Stryker Expands Patient Safety Portfolio With $2.78B Sage Acquisition
Stryker has announced the acquisition of Sage Products, a manufacturer of disposable hospital supplies designed to prevent the spread of hospital-associated infections (HAIs). The deal, which is worth $2.78 billion, is expected to give Stryker a consistent revenue stream and a complementary portfolio of patient-care products.
Stryker’s largest business is in surgical orthopedics, but more recently, the company has been building a portfolio of products focused on patient and caregiver safety, such as a system that keeps count of surgical sponges and specially designed ‘smart’ hospital beds. With the acquisition of Sage, Stryker gains a line of oral care products that fight hospital-associated pneumonia, specialty kits to prevent surgical site infections, and other patient hygiene solutions.
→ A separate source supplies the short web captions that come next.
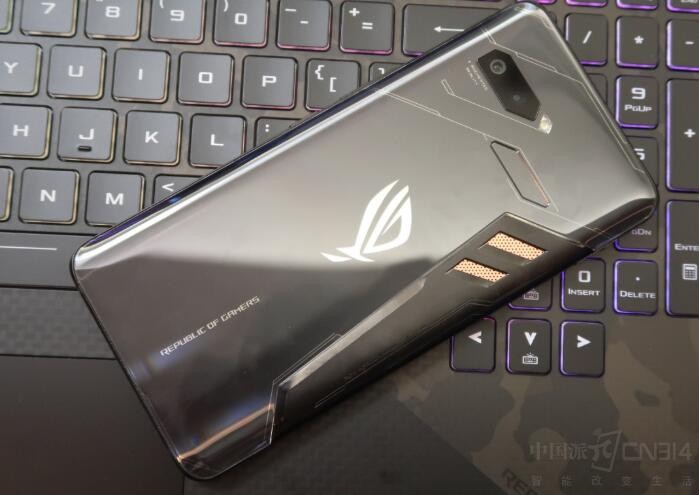 黑鲨为啥瑟瑟发抖 因为华硕游戏神机来了!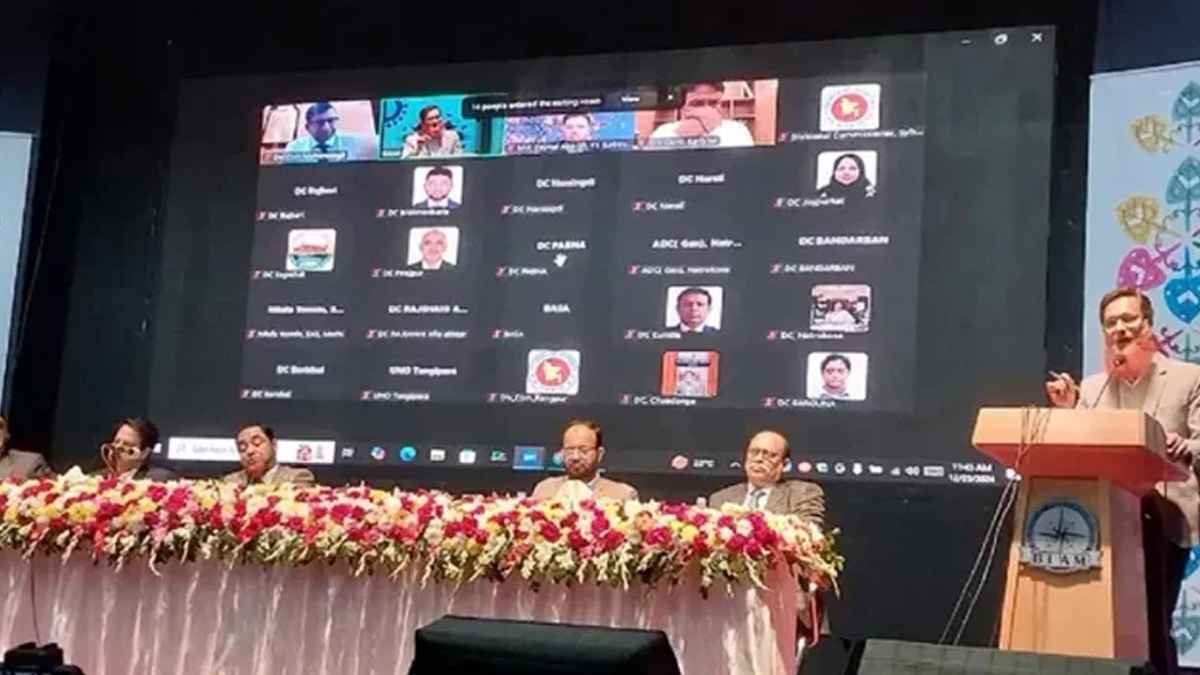 জনপ্রশাসন সংস্কার কমিশন প্রধানকে অপসারণে আমলাদের আল্টিমেটাম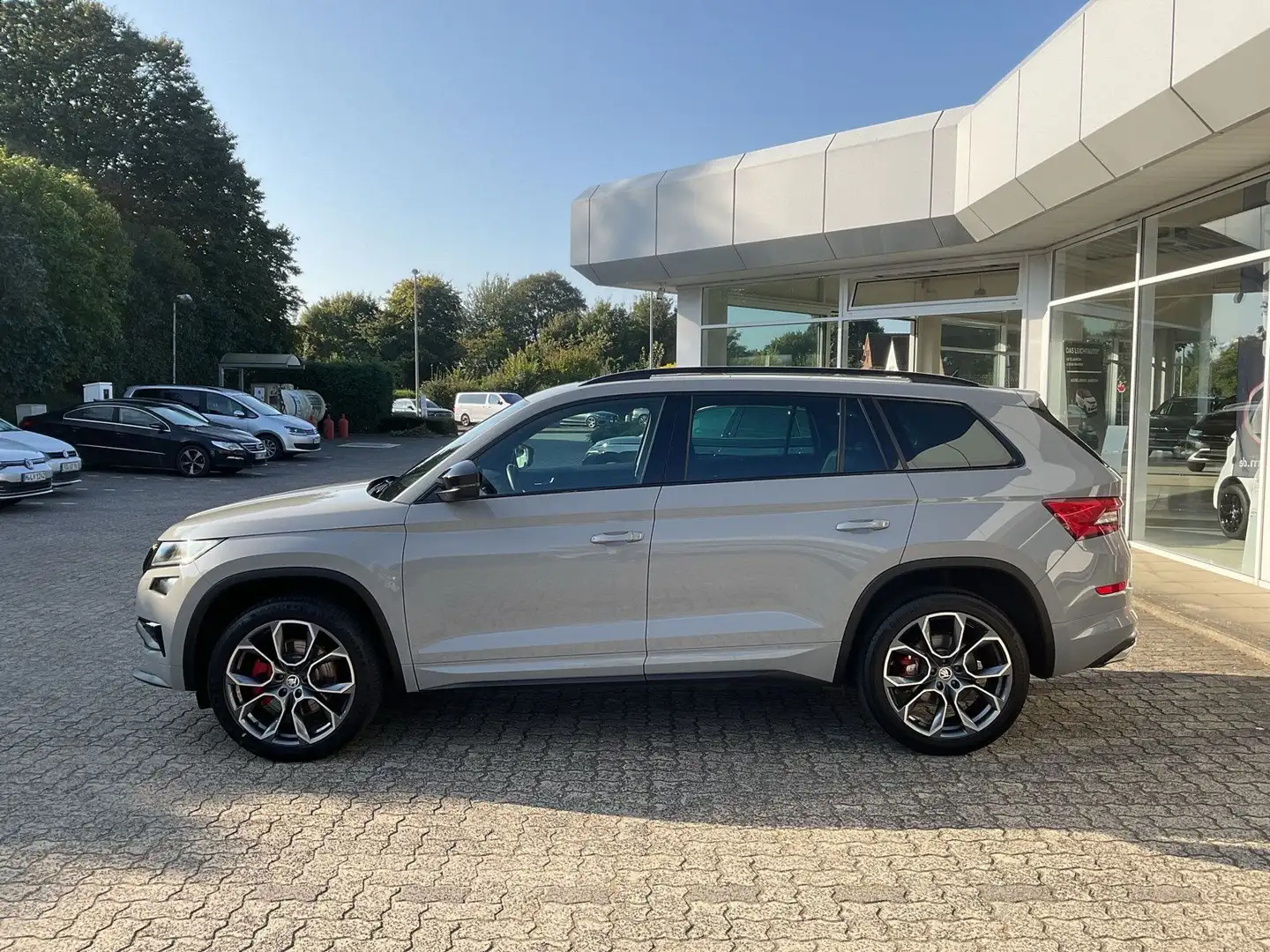 Skoda Kodiaq RS 2.0 Bi-TDI RS 4x4 AHK RFK PDK Sitzhzg Silber - 2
Recent studies suggest that better enforcement of prevention practices can reduce HAIs by 70 percent, representing a cost-savings of between $25 billion and $31.5 billion, said the Office of Disease Prevention and Health Promotion (ODPHP). Starting in 2015, the Centers for Medicare and Medicaid Services (CMS) have reduced payments by one percent to hospitals in the lowest performing 25 percent in HAI reduction, as mandated by the Affordable Care Act to incentivize better HAI prevention compliance.
Sage’s reported sales reached $430 million last year, up 13 percent from the year before, reported the Wall Street Journal. Lobo remarked that the addition of Sage’s products to Stryker’s portfolio would provide “a consistent disposable revenue stream.”
Sage has been controlled by Madison Dearborn Partners, a private equity firm, since 2012, and once transferred to Stryker, the company will continue with its brand, leadership team, and location in Cary, Ill., said the Chicago Sun-Times.
“The company’s established leadership team and innovative products that help prevent hospital acquired conditions have driven consistent double-digit sales growth,” said Stryker CEO, Kevin Lobo in a press release. “This acquisition aligns with Stryker’s focus on offering products and services that support a mindset of prevention, specifically in the area of ‘Never Events’ such as hospital acquired infections.”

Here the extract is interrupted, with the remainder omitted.